> _Information given_
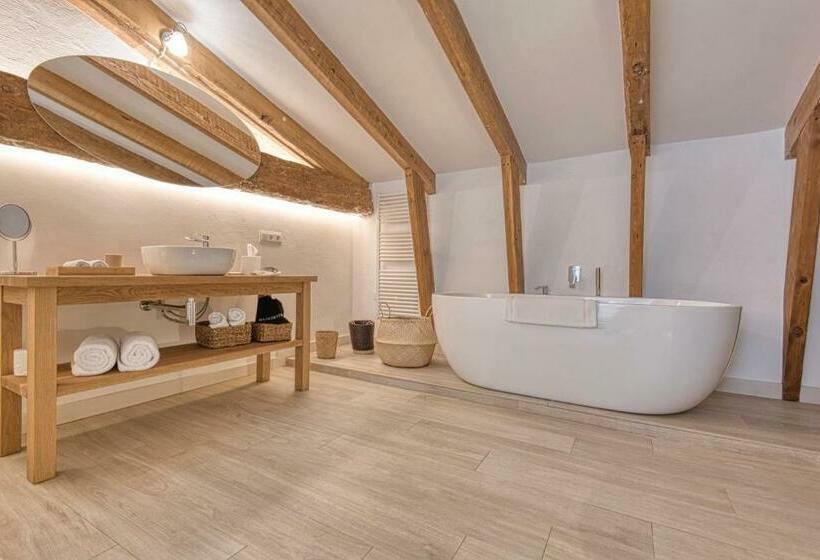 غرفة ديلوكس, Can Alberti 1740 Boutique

--

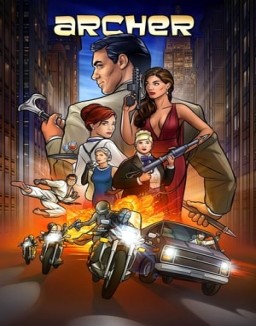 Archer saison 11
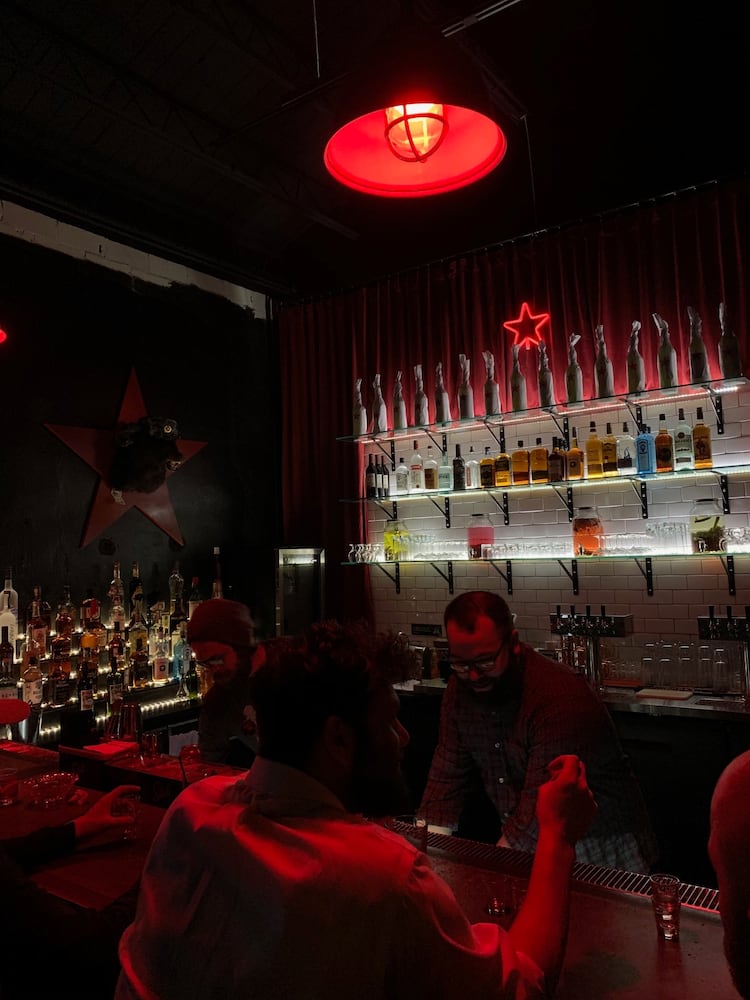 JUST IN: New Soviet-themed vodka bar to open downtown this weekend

* * *

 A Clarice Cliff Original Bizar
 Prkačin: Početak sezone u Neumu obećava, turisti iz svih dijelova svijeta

> _What needs to be done_
Restate word for word the entries above from the line with "A Clarice Cliff Original Bizar" through the line with "Prkačin: Početak sezone", inclusive, leaving out everything else.

> _Task output_
 A Clarice Cliff Original Bizar
 Prkačin: Početak sezone u Neumu obećava, turisti iz svih dijelova svijeta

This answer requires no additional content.